My Machine Learning Diary: Day 57

Junhong Wang
3 min readDec 14, 2018

--

Day 57

Today I had an overview on some cool applications of machine learning.

Photo Optical Character Recognition (OCR)

Photo OCR is a technique to recognize texts from an image.

Photo OCR recognizes four texts from an image

Pipeline

A machine learning pipeline is a technique to break down the problem into smaller pieces. This is very useful in terms of problem solving and working in a team. For photo OCR, the pipeline looks as follow:

Photo OCR Pipeline

Text detection

In text detection stage, given an image, we need to figure out where the texts are. We use a technique called sliding window to check a small rectangular regions of given image. Then we repeat the process all over the image. Finally, we amplify the signal and put a rounding box around the white regions.

Text Detection

Character Segmentation

In character segmentation stage, we want to separate the text to chunks of characters. Again, we will use sliding window to do this.

Character Segmentation

Character Recognition

In character recognition stage, we simply classify the image into a character.

Character Recognition

Artificial Data Synthesis

With low bias algorithms, we can improve the accuracy with more data. Given a data set, we can synthesize more data. For photo OCR, you can combine a random font character with a random background.

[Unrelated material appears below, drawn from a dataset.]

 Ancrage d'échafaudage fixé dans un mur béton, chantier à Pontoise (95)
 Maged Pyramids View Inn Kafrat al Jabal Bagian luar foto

Synthesize w/ Random Fonts

Another way to synthesize the data for photo OCR is to add distortions.

Synthesize w/ Distortions

Ceiling Analysis

Let’s say we have accuracy of 72% for photo OCR. Which part of the pipeline should we invest our time the most to boost this accuracy? Ceiling analysis is a technique for finding this out.

Ceiling Analysis

We choose one component of the pipeline and manually set the accuracy to 100%. Namely, if we choose the text detection, we go to the test case and manually set the bounding boxes. Then we check how much it increases the accuracy. We repeat the process for each component. I’m not quite understanding this part well. I will dig deeper into this when I actually encounter this.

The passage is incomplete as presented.